Pembrokeshire National Park, also known as Pembrokeshire Coast National Park, is one of the crown jewels in the British national parks system. There are four total national parks in Wales, but Pembrokeshire is Britain's only national park on the coast. Pembrokeshire National Park encompasses 240 square miles (629 km²) and includes a wildly varied landscape of forests and hills, beaches cliffs and estuaries. The park is a popular destination for wildlife spectators and explorers, rock climbers, windsurfers, hikers and nature lovers.

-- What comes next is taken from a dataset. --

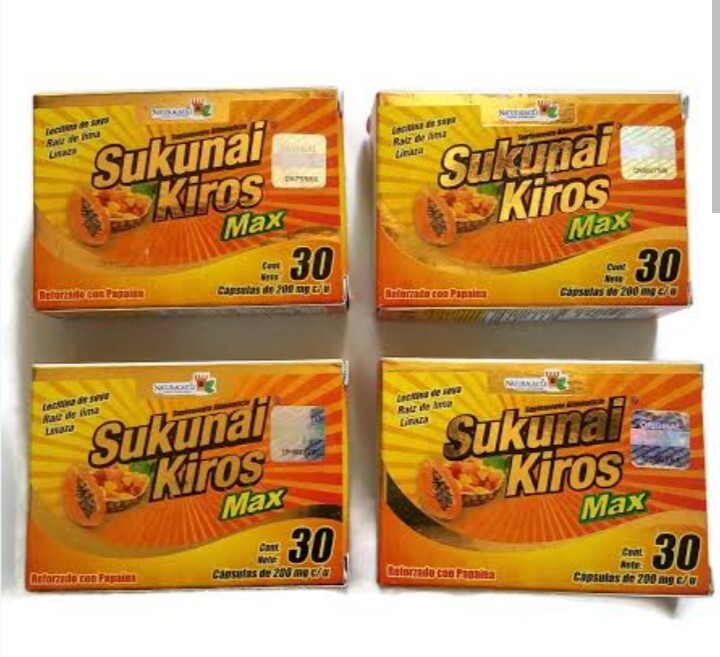 4 Pack Sukunai Kiros MAX Original 120 Cap 200mg  papaya Papaina Exp Jun 2027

One of the most attractive characteristics of the park is the rugged, tempestuous coastline and sparkly blue waters. Fuzzy green shoulders slope down toward the sea, exposing the rocky gray clefts and sandy beaches stretching toward the bright blue waters. Encompassing nearly all the southwest coast of the British isle, the coastline stretches for over 259 miles (418 km), overlooking the Celtic sea and St. George's Channel. The beaches are a popular hot spot for vacationers on summer holiday.

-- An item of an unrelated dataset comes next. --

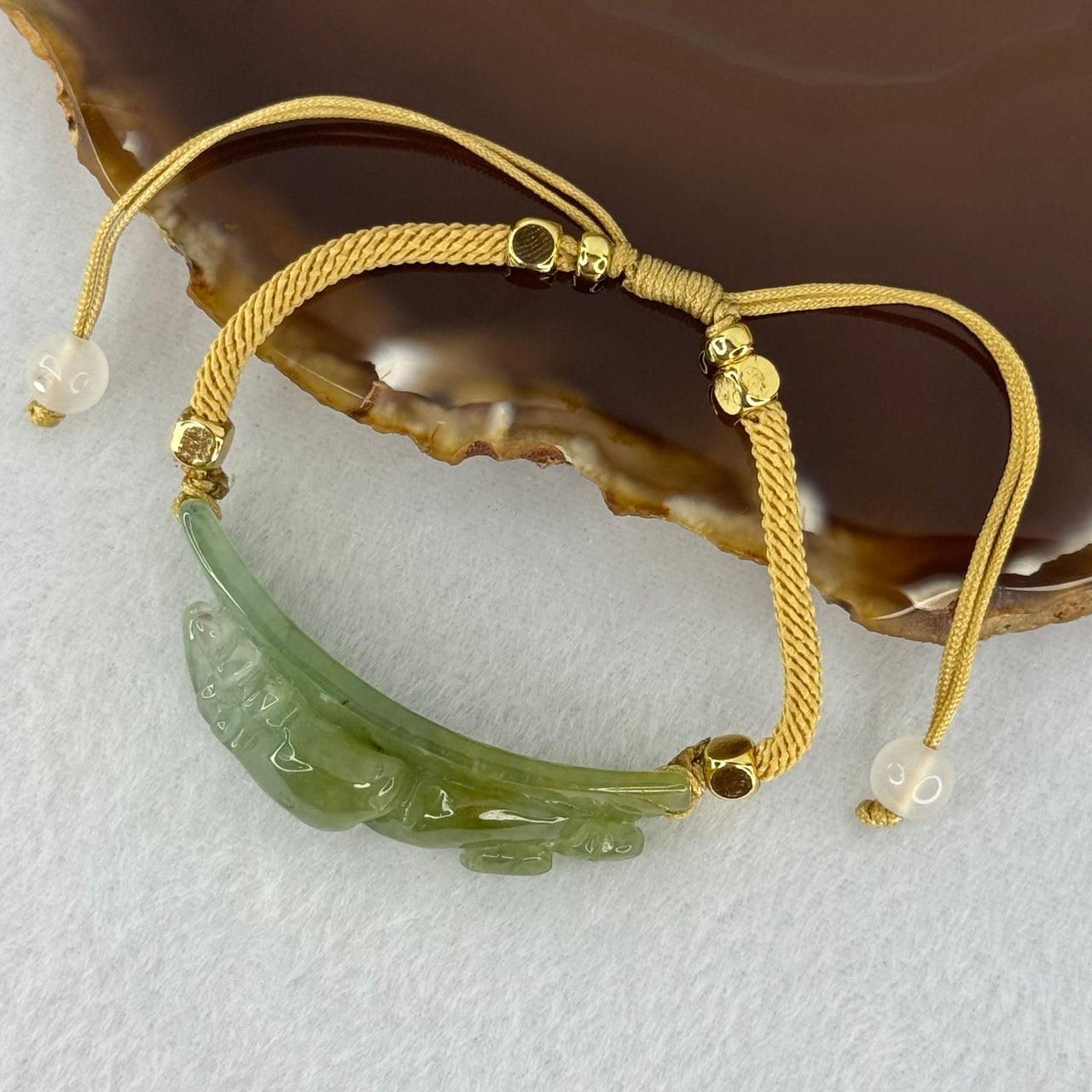 Type A Semi Icy Yellowish Blueish Green Jadeite Deer Bracelet 13.67g 45.8 by 11.8 by 11.6mm - Huangs Jadeite and Jewelry Pte Ltd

Hikers and nature lovers revel in the lush forests of the illustrious Presli Mountains, famed for producing the bluestones from which Stonehenge was forged. The gentle sloping hills, peppered with trees and aprouting stony outcrops, exude a mysterious and primeval atmosphere. The ancient Celts believed the Preslis contained an entrance to the Celtic underworld, Annwn. Visitors traverse the ancient pathways, used for thousands of years as supposedly the ancient stomping grounds of legendary King Arthur. Some of the best paths for explorers are Pentre Ifan, Gwaun Valley and Rosebush.
The Pembrokeshire National Park features one of the finest estuaries in Britain, the Daugleddau Estuary. Once the location of successful anthracite mines and Norman castle embankments, the estuary waterway provides exceptional trails. Visitors enjoy viewing the inland waterfowl and mammals, exploring the secret coves, and visiting the ancient Carew and Picton Castles.
Pembrokeshire National Park offers something for every outdoor enthusiast. Water activities include surfing, kayaking, fishing, sailing and other sports. Wildlife enthusiasts enjoy birdwatching, as Pembrokeshire National Park is one of the finest British parks for viewing migrating and wintering seabirds and waterbirds. The park maintains trails and paths for hiking, cycling, horse riding, rock climbing and simple relaxing strolls along the coast or across prehistoric forests and lush landscapes.
The Pembrokeshire Coast National Park Authority, established in 1952, manages the park. They encourage those visiting Pembrokeshire National Park to enjoy the park while maintaining a respect for the natural beauty and unspoiled environment. Pembrokeshire National Park is open year round and offers a rotating schedule of various activities.